American legal scholar (born 1969)

Jennifer E. Rothman is an American legal scholar who specializes in intellectual property, privacy, entertainment & media law, and is recognized as the leading expert on right of publicity and personality rights. In 2021, Rothman was appointed as the Nicholas F. Gallicchio Professor of Law at the University of Pennsylvania Law School.

Her book, The Right of Publicity: Privacy Reimagined for a Public World, published by Harvard University Press, has been described as the “definitive biography of the right of publicity.” Rothman is also the author of numerous essays and articles including “Postmortem Privacy”, published in the Michigan Law Review, “Navigating the Identity Thicket: Trademark’s Lost Theory of Personality, the Right of Publicity, and Preemption”, published in the Harvard Law Review, "The First Amendment and the Right(s) of Publicity, published in the Yale Law Journal, and "The Inalienable Right of Publicity, published in the Georgetown Law Journal.

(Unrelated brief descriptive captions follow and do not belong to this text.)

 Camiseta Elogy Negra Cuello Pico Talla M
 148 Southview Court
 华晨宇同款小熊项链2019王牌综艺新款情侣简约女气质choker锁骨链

Rothman has testified in Congress multiples times, most recently to address issues involving intellectual property, personality rights, and artificial intelligence. Rothman is also the creator of Rothman’s Roadmap to the Right of Publicity, an online resource, located at www.rightofpublicityroadmap.com, that provides analysis of right of publicity and related laws, as well as commentary on recent cases and legislation.

Rothman is the Reporter for the Uniform Law Commission Study of the Protection of Name, Image, and Likeness Rights, an elected member of the American Law Institute, and an adviser on the Restatement of the Law (Third) of Torts: Defamation and Privacy.

Rothman was raised in Berkeley, California. After graduating from Princeton University, she attended the University of Southern California School of Cinematic Arts and worked for Paramount Pictures and Castle Rock Entertainment. After earning a J.D. degree from the UCLA School of Law, Rothman served as a law clerk for Marsha S. Berzon. She has served on the faculty at Washington University in St. Louis and at Loyola Law School as the William G. Coskran Professor of Law.